(Brief descriptive captions)
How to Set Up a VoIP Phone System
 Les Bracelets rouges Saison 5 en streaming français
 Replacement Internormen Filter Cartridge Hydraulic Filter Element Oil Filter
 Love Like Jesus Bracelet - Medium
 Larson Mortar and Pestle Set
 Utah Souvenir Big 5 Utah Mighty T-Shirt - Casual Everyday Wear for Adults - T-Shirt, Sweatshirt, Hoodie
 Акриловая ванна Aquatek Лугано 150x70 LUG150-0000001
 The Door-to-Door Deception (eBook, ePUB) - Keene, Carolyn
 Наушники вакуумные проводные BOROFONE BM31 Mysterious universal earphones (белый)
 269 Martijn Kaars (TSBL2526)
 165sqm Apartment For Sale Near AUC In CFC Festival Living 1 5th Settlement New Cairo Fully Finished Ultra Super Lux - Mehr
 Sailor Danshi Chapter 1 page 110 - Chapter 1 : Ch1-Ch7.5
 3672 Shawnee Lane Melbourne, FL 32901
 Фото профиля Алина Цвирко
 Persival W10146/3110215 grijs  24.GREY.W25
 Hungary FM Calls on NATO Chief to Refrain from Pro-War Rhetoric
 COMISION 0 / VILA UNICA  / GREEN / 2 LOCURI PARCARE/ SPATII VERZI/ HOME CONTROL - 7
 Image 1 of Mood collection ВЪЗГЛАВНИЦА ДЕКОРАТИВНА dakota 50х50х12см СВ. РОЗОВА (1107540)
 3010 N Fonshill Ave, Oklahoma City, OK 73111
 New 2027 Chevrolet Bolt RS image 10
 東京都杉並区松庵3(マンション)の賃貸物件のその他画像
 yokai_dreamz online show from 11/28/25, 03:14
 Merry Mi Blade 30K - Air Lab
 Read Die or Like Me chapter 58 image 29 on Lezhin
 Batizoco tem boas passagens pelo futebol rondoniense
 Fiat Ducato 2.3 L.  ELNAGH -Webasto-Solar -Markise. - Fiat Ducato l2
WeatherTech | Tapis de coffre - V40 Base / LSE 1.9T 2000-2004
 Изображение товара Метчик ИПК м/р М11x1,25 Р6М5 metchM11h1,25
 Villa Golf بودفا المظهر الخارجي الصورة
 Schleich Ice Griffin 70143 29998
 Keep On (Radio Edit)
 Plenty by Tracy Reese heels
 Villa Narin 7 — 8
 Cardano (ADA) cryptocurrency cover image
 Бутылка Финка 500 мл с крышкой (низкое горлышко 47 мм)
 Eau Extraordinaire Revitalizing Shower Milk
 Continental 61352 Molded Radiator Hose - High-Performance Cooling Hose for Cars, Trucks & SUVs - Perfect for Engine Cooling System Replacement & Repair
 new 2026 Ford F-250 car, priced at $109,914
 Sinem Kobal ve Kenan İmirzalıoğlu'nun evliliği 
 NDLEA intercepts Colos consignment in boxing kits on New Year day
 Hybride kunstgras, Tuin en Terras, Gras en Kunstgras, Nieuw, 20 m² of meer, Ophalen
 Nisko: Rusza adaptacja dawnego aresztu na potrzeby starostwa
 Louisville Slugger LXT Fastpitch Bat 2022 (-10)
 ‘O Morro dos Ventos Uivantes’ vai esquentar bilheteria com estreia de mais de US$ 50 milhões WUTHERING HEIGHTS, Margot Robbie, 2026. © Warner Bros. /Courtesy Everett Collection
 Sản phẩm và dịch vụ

### Task directions
Each line above from the one with "Persival W10146/3110215 grijs" up to and including the one with "Continental 61352 Molded" must be set down exactly, and no line outside that span may appear.

### Response box
 Persival W10146/3110215 grijs  24.GREY.W25
 Hungary FM Calls on NATO Chief to Refrain from Pro-War Rhetoric
 COMISION 0 / VILA UNICA  / GREEN / 2 LOCURI PARCARE/ SPATII VERZI/ HOME CONTROL - 7
 Image 1 of Mood collection ВЪЗГЛАВНИЦА ДЕКОРАТИВНА dakota 50х50х12см СВ. РОЗОВА (1107540)
 3010 N Fonshill Ave, Oklahoma City, OK 73111
 New 2027 Chevrolet Bolt RS image 10
 東京都杉並区松庵3(マンション)の賃貸物件のその他画像
 yokai_dreamz online show from 11/28/25, 03:14
 Merry Mi Blade 30K - Air Lab
 Read Die or Like Me chapter 58 image 29 on Lezhin
 Batizoco tem boas passagens pelo futebol rondoniense
 Fiat Ducato 2.3 L.  ELNAGH -Webasto-Solar -Markise. - Fiat Ducato l2
WeatherTech | Tapis de coffre - V40 Base / LSE 1.9T 2000-2004
 Изображение товара Метчик ИПК м/р М11x1,25 Р6М5 metchM11h1,25
 Villa Golf بودفا المظهر الخارجي الصورة
 Schleich Ice Griffin 70143 29998
 Keep On (Radio Edit)
 Plenty by Tracy Reese heels
 Villa Narin 7 — 8
 Cardano (ADA) cryptocurrency cover image
 Бутылка Финка 500 мл с крышкой (низкое горлышко 47 мм)
 Eau Extraordinaire Revitalizing Shower Milk
 Continental 61352 Molded Radiator Hose - High-Performance Cooling Hose for Cars, Trucks & SUVs - Perfect for Engine Cooling System Replacement & Repair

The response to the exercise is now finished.